As students, we need to make sure that we know our renting rights. Be an even better tenant by knowing when your landlord is breaking the law.
Government legislation protects students and their money from rogue landlords and agents. And new laws coming into force on 1st October will mean landlords must provide adequate size bedrooms and sufficient rubbish bins.
But that’s not all, here are six important things students should know when it comes to renting:
Your deposit must be protected in a Government-backed scheme – get a certificate from your landlord or agent.
Check the property is safe – think fire, electrical, gas safety certificate, and hygiene. If you have concerns, raise them with your landlord or agent immediately.
Agree an inventory with your landlord or agent – or you could lose money when you move out.
By law, landlords must install a smoke alarm on each floor (and carbon monoxide alarms if needed) but it’s your job to regularly check they are working.

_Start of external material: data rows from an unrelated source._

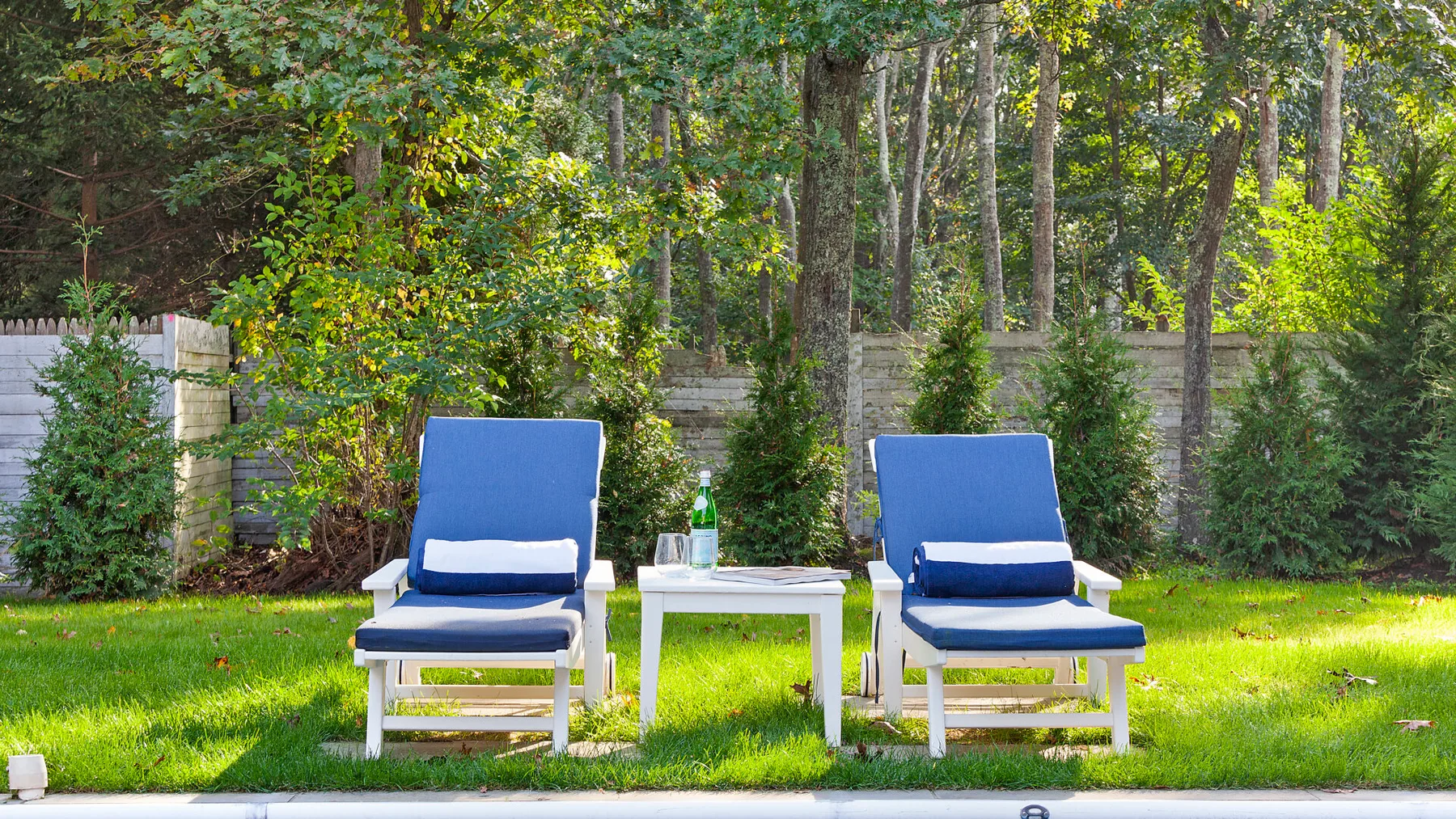 Una zona de estar al aire libre con dos sillones azules junto a una mesa pequeña.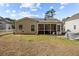 Picture of the rear of a house with a large screened in porch, a fenced backyard, and a stone patio at 9021 Robins Nest Way, Summerville, SC 29485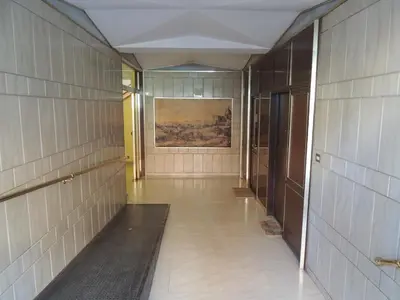 a hallway of a building with a painting on the wall at Casa Felicita in Rome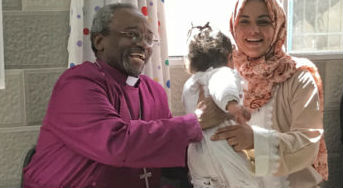 Presiding Bishop Michael Curry hands a toddler back to her mother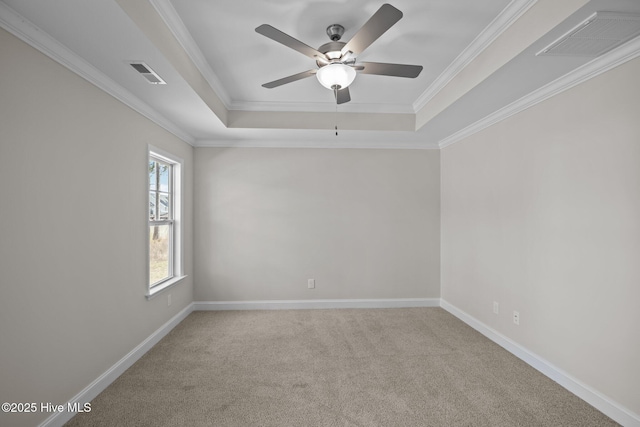 carpeted empty room featuring a raised ceiling, ceiling fan, and ornamental molding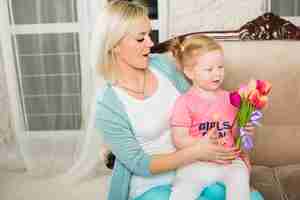 Free photo mother holding daughter with tulips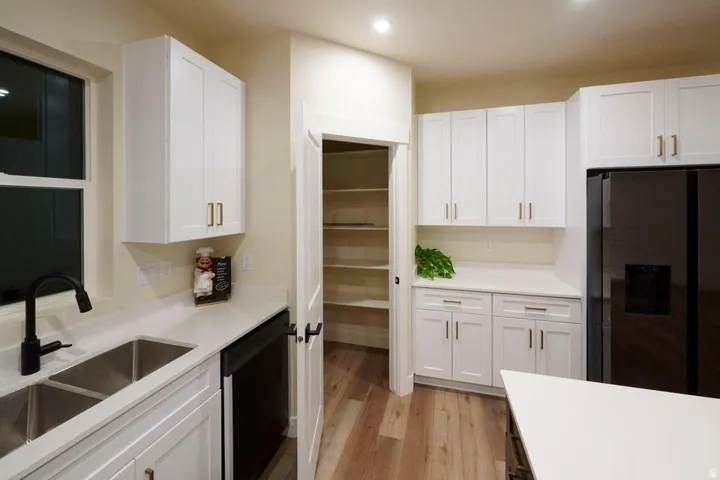 Kitchen with white cabinetry, fridge with ice dispenser, and recessed lighting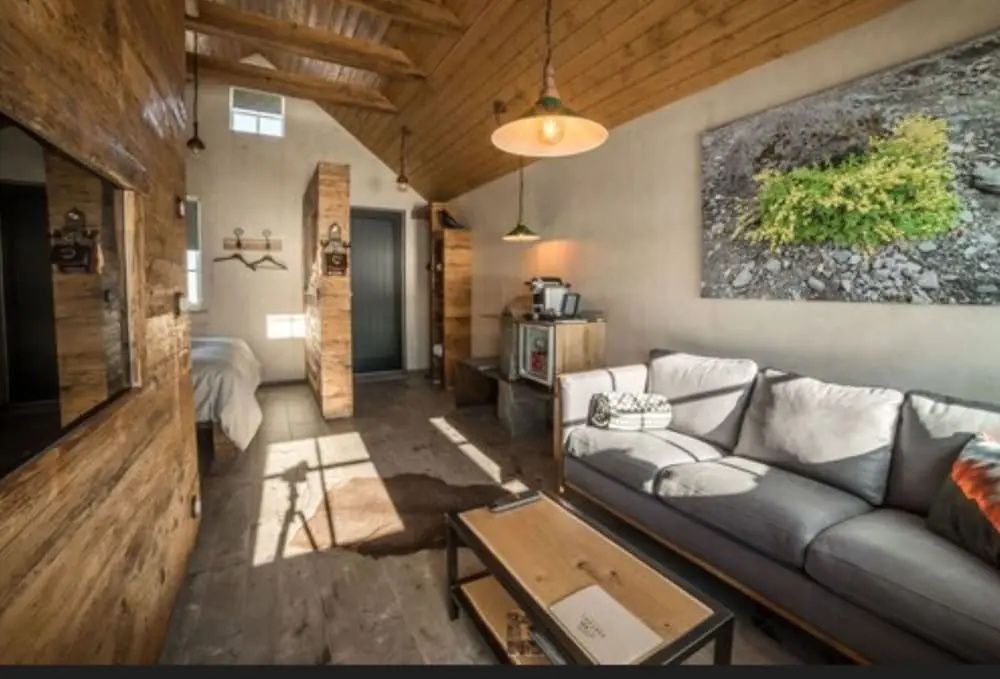 Lichtdurchfluteter Wohnbereich einer Suite mit gemütlichem Sofa und rustikaler Holzeinrichtung.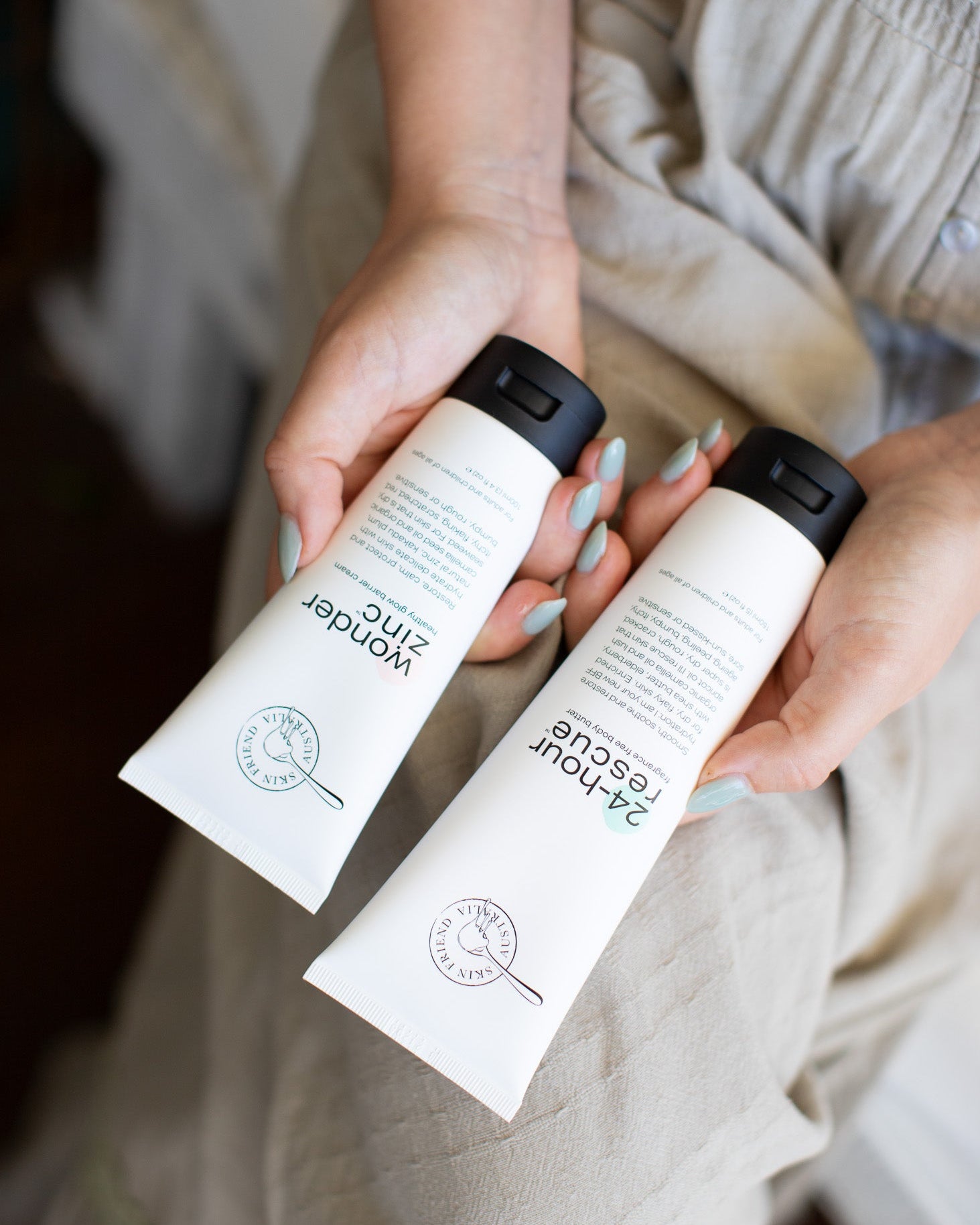 Two tubes of skincare, Wonder Zinc and 24-Hour Rescue, held by a person with light sage green nail polish.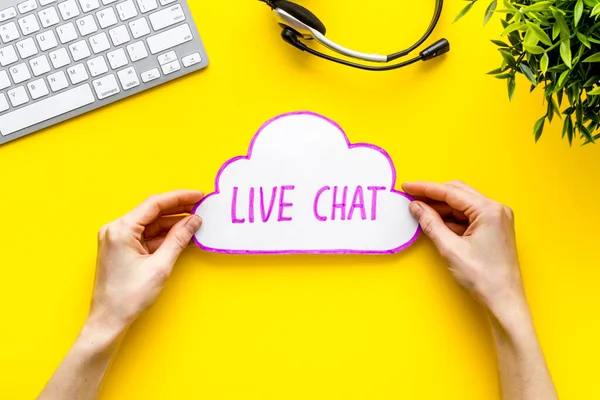 Live chat concept - bubble in hands on yellow table top view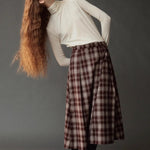 Model leaning to the side in the Mijeong Park brown plaid midi skirt and ivory turtleneck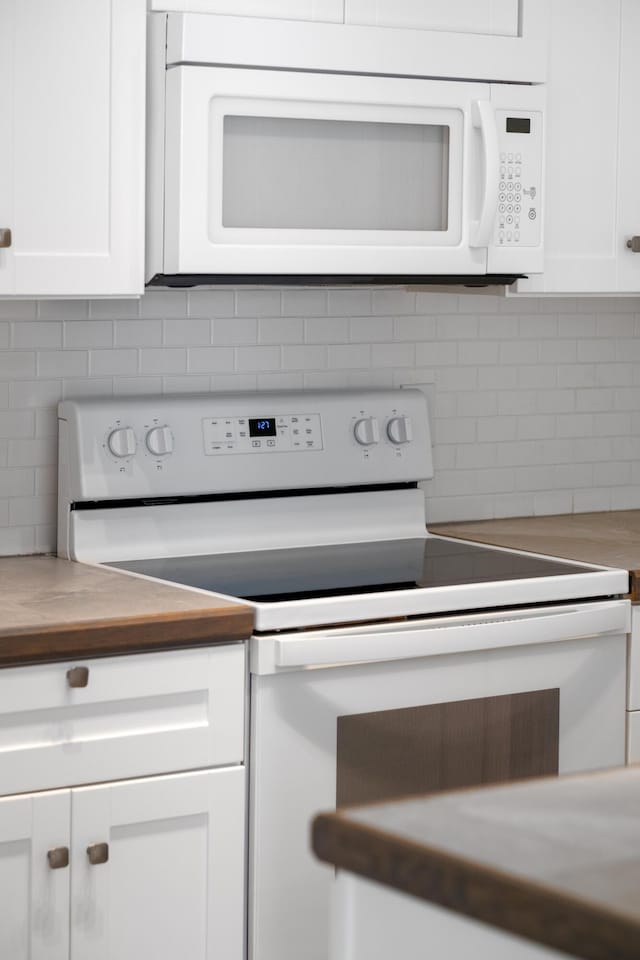 kitchen featuring white cabinets, backsplash, wood counters, and white appliances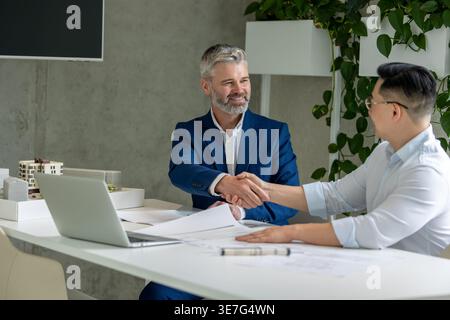 Asian male architect in eyeglasses shaking hands with caucasian male colleague after successful meeting while sitting at table with laptop and arch... Stock Photo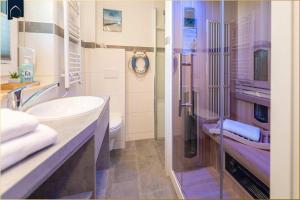 a bathroom with a sink and a toilet and a shower at Ferienhaus Glück unter Reet in Zirchow +27 photos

Know who is responsible for bills (water, electricity, gas) and take meter readings.
Landlords or agents must be reachable to fix problems quickly – make sure you have their contact details.
By law, your landlord must notify you 24 hours before if they plan to access the property for any repairs or maintenance.
The government are making sure that landlords are not taking advantage of students by setting unfairly high fees.
Minister for Housing and Homelessness Heather Wheeler MP said: “Rogue landlords and agents should never get in the way of students enjoying university life and we’re working to stop them in their tracks.
“We’ve brought in laws to crack down on bad operators and we have measures in place to protect tenants’ deposits.
“We are going even further by changing the law to ban unfair letting fees and cap tenancy deposits.”
The minister encourages more students to know their rights and flag up the landlords who are not following the government’s laws on renting.
Your landlord MUST repair any problems
Landlords or agents must deal with any problems with the water, electricity and gas supply, and maintain appliances and furniture they have supplied. Councils can step in when landlords don’t do their job, and there are independent schemes to help resolve disputes with letting agents.
How small is your room?
Tiny Bedrooms (of less than 6.51 square metres for one adult) are banned. The laws will come in from October 1 but local authorities can give landlords up to 18 months to get bedroom sizes right.
Protecting our money
As well as this, new regulations taking effect from 1 April 2019 will keep renters’ money safe by only allowing letting agents that join a Government-approved client money protection scheme to handle their money.